Increase versatility. For those "cave dwellers" who have been order takers for the past few years, we need to get out of our comfort zones and be out meeting new people and being open to NEW business opportunities.
Know competition. See what others are doing. See what is working and what isn't. Success always leaves clues!
Network...Network...Network!!!

Lastly, get paid for your work! Make sure the things you are doing are making you money to cover your expenses. We need to make sure we don't fall victim to overloading ourselves in low paying, "busy" work.

Continued Success and Significance!

Thursday, March 6, 2008

FHA Limits Raised in Pinal and Maricopa County

The new FHA Limit has increased in Maricopa County to $346,250.00 – Up from $263,150.00!!!

Remember on FHA:

* No minimum credit scores required
* 3% down payment
* Non occupant buyers are allowed
* Owner occupied multi family ok
* Down Payment Assistance Programs are STILL available
* Seller can pay 6% in borrower’s closing costs and prepaids

We have the 203 (k) FHA REPAIR PROGRAM (currently due to our declining market, our borrower’s would have to have a down payment of 8% but down payment assistance programs are available)

New limits are as follows:
One Family- $346,250
Two Family- $443,250
Three Family- $535,800
Four Family- $665,850

Wednesday, March 5, 2008

CNN - Declares it’s the Best Time to Buy in Four Years

Just a thought...Maybe we should start marketing homes the same way Dept. Stores market us...AND JUST MAYBE we will have the people coming out in the droves to buy homes!

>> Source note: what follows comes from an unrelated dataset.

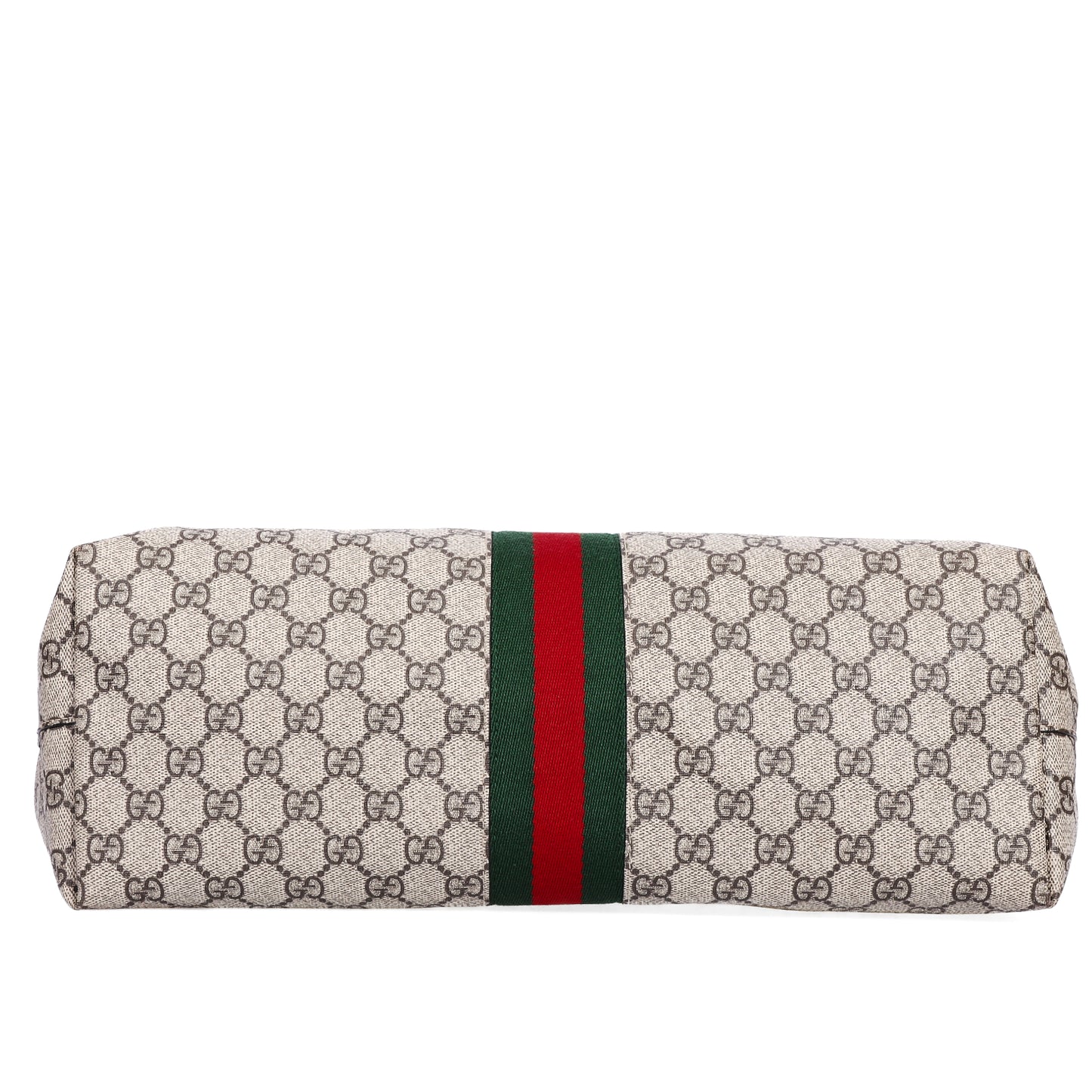 Pre-Owned Gucci Ophidia Beige GG Supreme Beige Coated Canvas Tote Bag 56400282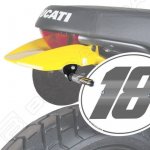 Ducati 800 Scrambler (15-) - sada držáků na blinkry Barracuda | Zboží Auto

Below is a link from CNN.com. They are now steering away from the "nay sayers" and are now saying "It may be the best time to buy a house in more than four years." They proceed to say that,

"Home values have declined across the country, giving homebuyers the best buys they've had since 2004."


I am excited that the media is now portraying some positive light rather than the "doom and gloom" it is always so eager to send out to the masses! Be sure to remind your clients who are ‘waiting for the bottom’ before jumping in, that they run the risk of missing out on the best deals... As my mom used to say, "The early bird gets the worm!"